Utamtsi Die Arabica-Bohnen von Utamtsi stammen aus dem Hochland Kameruns und werden dort von Kleinbauern geerntet. Utamtsi legt großen Wert auf fairen Handel und ist ein Gemeinschaftsprojekt eines Kenianers und eines Deutschen. Geröstet wird in der Nähe von Bremen.

Seit 20 Jahren röstet auch Contigo in Bremen, ebenfalls bio und fairtrade. Die Kaffees, schwerpunktmäßig aus Äthiopien, werden täglich in kleinen Mengen frisch geröstet und im hauseigenen Ladengeschäft in der Bremer Katharinenstraße verkauft. Bestseller ist die „Bremer Mischung“, eine besonders würzige Mischung, die, nach Angaben des Firmengründers Ingo Herbst, sogar im Hause der Kaffee-Familie Schopf auf Begeisterung stößt.

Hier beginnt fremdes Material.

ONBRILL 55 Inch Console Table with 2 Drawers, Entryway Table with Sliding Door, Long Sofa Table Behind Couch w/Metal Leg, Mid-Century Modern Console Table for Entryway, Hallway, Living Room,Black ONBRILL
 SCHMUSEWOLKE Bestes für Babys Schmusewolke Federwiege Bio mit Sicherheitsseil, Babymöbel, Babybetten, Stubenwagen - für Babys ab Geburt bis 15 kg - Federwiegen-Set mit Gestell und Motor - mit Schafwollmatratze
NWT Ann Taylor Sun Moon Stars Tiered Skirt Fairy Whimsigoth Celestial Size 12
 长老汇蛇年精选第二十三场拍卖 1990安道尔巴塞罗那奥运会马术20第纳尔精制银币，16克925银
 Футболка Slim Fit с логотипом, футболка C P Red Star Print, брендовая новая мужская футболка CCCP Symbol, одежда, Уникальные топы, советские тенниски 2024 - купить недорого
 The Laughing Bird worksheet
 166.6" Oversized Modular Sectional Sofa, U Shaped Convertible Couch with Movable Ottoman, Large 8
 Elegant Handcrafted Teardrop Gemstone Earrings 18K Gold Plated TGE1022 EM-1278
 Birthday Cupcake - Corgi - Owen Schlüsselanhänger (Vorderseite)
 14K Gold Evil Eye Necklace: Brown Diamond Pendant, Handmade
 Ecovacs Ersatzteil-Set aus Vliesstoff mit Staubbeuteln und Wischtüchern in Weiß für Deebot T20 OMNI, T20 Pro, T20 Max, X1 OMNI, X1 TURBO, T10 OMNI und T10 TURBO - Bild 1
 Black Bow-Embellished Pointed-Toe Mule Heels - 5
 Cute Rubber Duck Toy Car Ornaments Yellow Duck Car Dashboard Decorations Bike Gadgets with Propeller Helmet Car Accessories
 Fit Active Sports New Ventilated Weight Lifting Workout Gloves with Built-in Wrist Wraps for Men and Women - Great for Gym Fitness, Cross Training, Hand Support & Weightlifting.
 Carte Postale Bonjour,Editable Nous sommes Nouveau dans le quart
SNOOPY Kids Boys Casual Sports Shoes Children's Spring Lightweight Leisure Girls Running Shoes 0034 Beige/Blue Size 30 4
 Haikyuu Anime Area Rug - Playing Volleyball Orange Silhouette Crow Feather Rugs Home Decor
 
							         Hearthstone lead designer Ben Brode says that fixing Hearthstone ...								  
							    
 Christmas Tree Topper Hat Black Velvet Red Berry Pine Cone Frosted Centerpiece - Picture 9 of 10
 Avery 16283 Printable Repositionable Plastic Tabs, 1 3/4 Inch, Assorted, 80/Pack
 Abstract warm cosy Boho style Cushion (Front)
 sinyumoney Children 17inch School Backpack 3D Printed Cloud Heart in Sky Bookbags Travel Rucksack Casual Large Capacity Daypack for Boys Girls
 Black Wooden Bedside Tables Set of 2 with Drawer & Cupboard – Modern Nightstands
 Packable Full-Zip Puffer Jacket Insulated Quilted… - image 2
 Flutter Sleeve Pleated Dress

Ganz frisch ist die „Rösterei am Deich“ von AZUL. Die Marke feiert 2019 ihr 70-jähriges Bestehen und ist vor allem als Lieferant für die Gastronomie bekannt. In der neuen, gläsernen Rösterei können Interessierte Röstmeisterinnen und Röstmeistern bei der Kaffeeverarbeitung über die Schulter schauen, Führungen buchen und im Werksverkauf den frischen Kaffee mit nach Hause nehmen.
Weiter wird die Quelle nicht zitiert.